Gole dell’Alcantara – Motta Camastra (ME)
Odissea
Regia di Giovanni Anfuso
Con: Davide Sbrogiò (Odisseo maturo), Giovanna Mangiù (Circe/Penelope), Liliana Randi (Atena)
Sino al 31 agosto 2025

Le Gole dell’Alcantara, certo, dalla cui notturna profondità alzando lo sguardo si vedono stelle come Arturo e il triangolo estivo (Vega, Altair, Deneb). Il fiume che scorre, limpido, gelido, immortale. La sensazione di trovarsi in un luogo sacro, il cui incanto è dato dalle pietre, dai minerali, dalle colate laviche diventate colonnari di basalto, percorsi per millenni dalle acque. Quasi canne d’organo con le quali la materia suona la propria musica.
Dentro lo slargo delle Gole che si trova nel Fondaco Motta è stata messa in scena un’Odissea in pillole. Alcuni episodi vengono immaginati attraverso la voce e i movimenti degli attori, come il canto delle Sirene, altri sono semplicemente raccontati, come l’incontro tra Odisseo e Polifemo. La recitazione è nella media televisiva ma diventa inaccettabile nell’attrice che interpreta Atena, la quale è riuscita a trasformare la dea in una massaia isterica che arriva a fastidiosi acuti e non scandendo praticamente mai il testo ma sempre urlandolo o sogghignando.
Chi conosce il poema, chi lo ha letto, inserisce i pochi episodi nel flusso della memoria; chi non lo ha letto se ne fa un’idea piccola.
Perché continuare a scomodare Omero oppure Dante per operazioni così modeste? Non sarebbe meglio scrivere qualche testo adatto al luogo, a un luogo liquido e magnifico? Ma nomi e titoli come Inferno oppure Odissea continuano a esercitare un richiamo che testi contemporanei non avrebbero. Questo va a onore di quelle opere ma non di chi le mette in scena.
Le Gole dell’Alcantara fanno parte del territorio di Motta Camastra, un paesino che le sovrasta, edificato su uno sperone di roccia per ragioni evidentemente difensive (dai mussulmani, dalla malaria). Luogo fatto di scalinate, strade ripide, belvederi che si aprono sulla vastità della valle, sul giallo dei Peloritani che qui finiscono trascorrendo nella pietra lavica dell’Etna, la cui visione è da Motta imponente, magnifica.

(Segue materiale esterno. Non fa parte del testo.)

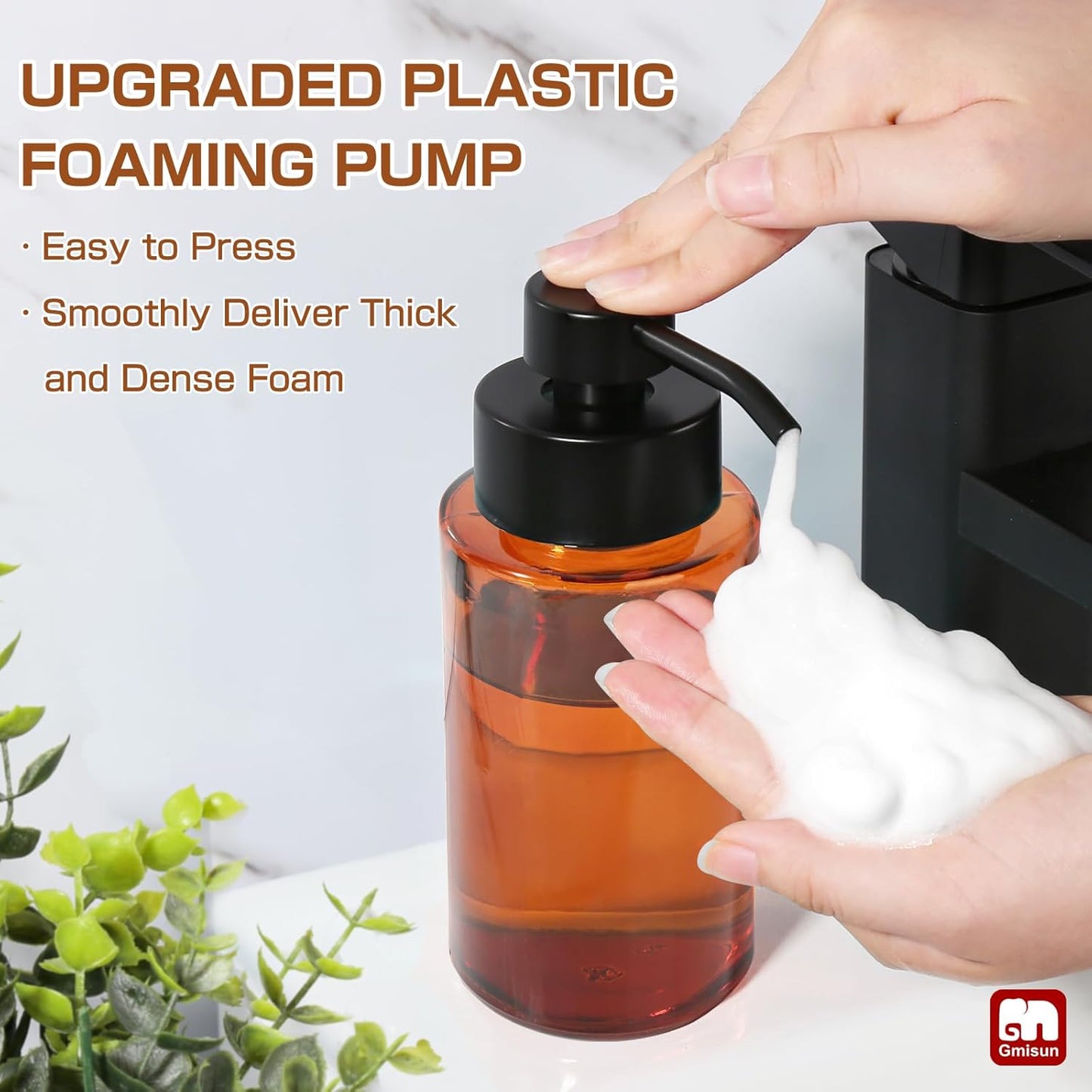 GMISUN Glass Foaming Soap Dispenser, 10 Fl oz / 300ml Amber Glass Soap Dispenser for Bathroom & Kitchen, 2 Pack Modern Refillable Foam Hand Soap Dispensers, Bathroom Hand Soap Dispensers with Labels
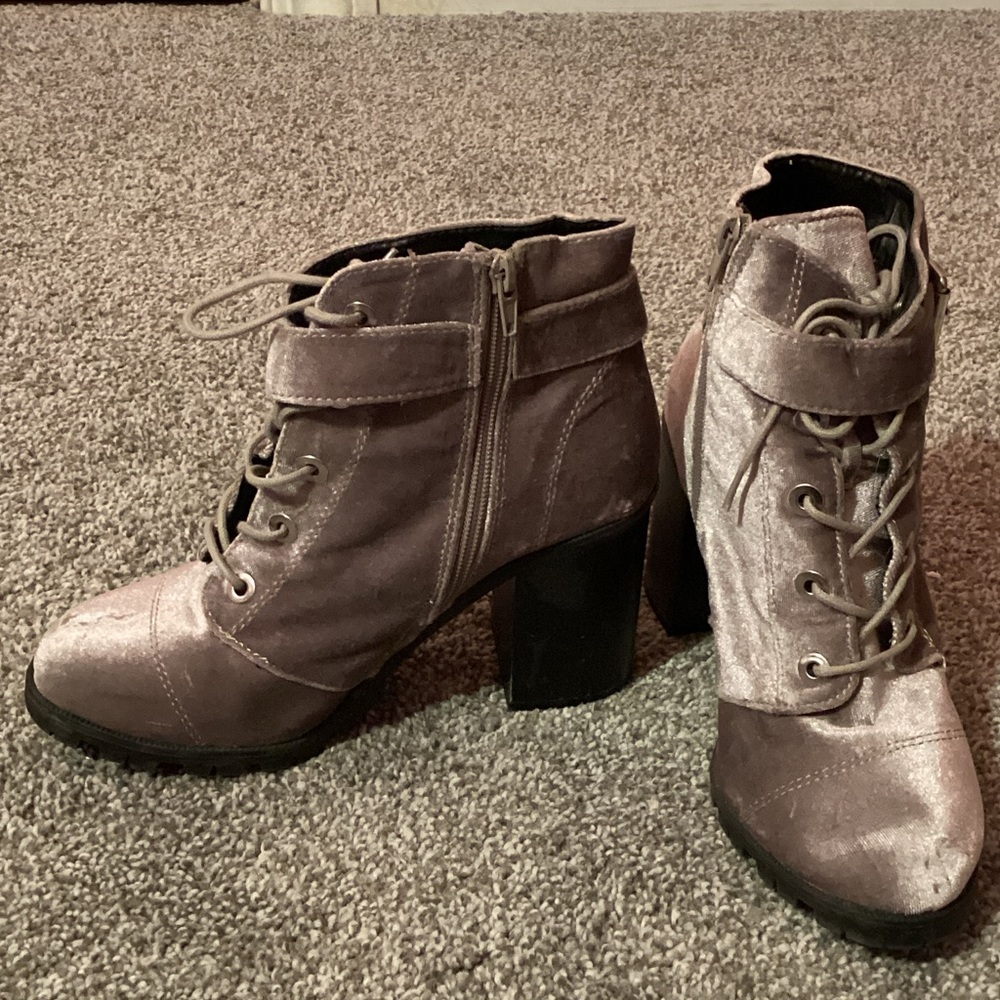 Charlotte Russe Gray Lace-Up Boots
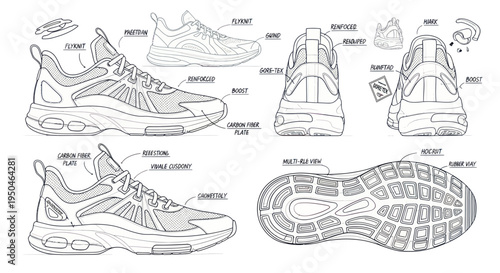 Sports Shoe Design Blueprint, Technical Drawing, Sneaker Blueprint, Footwear Sketch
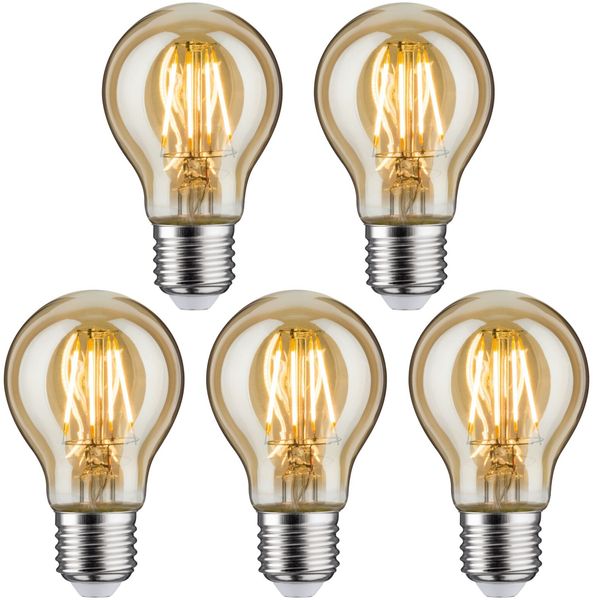 Paulmann 5147 Leuchtmittel Set 5x LED Allgebrauchslampe 500lm E27 4,7W 2500K Goldlicht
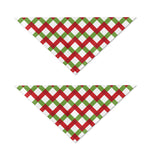 Merry Christmas Checkered Pattern Print Dog Bandana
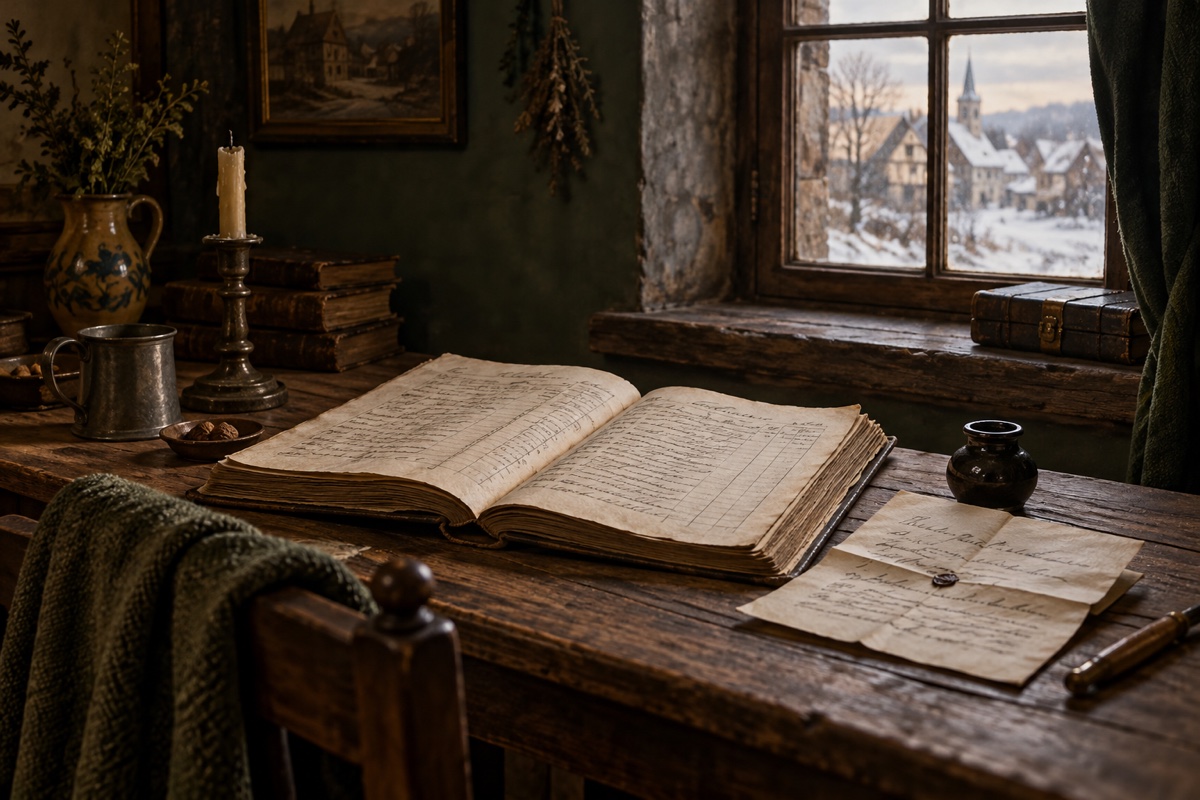 Illustration contemporaine : Registre ouvert, lettre manuscrite et plume sur une table devant une fenêtre donnant sur un village enneigé.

Poche persone abitano il paese, persone che si fidano (ho visto un’automobile con il finestrino aperto e dentro una borsa anch’essa aperta, la proprietaria non teme furti evidentemente); che cercano di conservare la memoria di questo spazio da loro amato, per quanto scomodo (Giuseppe Cosentino ha le pareti della sua barberia tappezzate di fotografie di Motta e dei suoi abitanti lungo i decenni); che si riuniscono all’aperto e chiacchierano in una piazzetta davanti a quello che immagino essere l’unico bar del paese.
Motta Camastra è un piccolo ma significativo esempio di che cosa sia e che cosa significhi una comunità ancora esistente e viva, rispetto all’omologazione di luoghi tutti uguali, tutti insicuri, tutti zombi.
Per quanto ridotta a frammenti, la voce di Omero sottostante è anch’essa ben viva, giovanissima.

2 pensiero su “Odisseo all’Alcantara”
  1. Ho letto la tua magnifica prosa con cui descrivi un particolarissimo e potente “genius loci” siciliano, sorto per volontà umana -probabilmente ispirata dal divino-, per misteriose potenze naturali, per l’ incanto della parola e del poema omerico. La Sicilia è una terra troppo misteriosa, troppa sacra e cara agli dei per poter essere compiutamente indagata da parola umana.

    1. Grazie, Michele, per aver apprezzato il tentativo di restituire qualcosa di luoghi vicini e diversi nel tempo e nello spazio ma, davvero, tutti cari agli dèi, prima e al di là dell’umana presenza.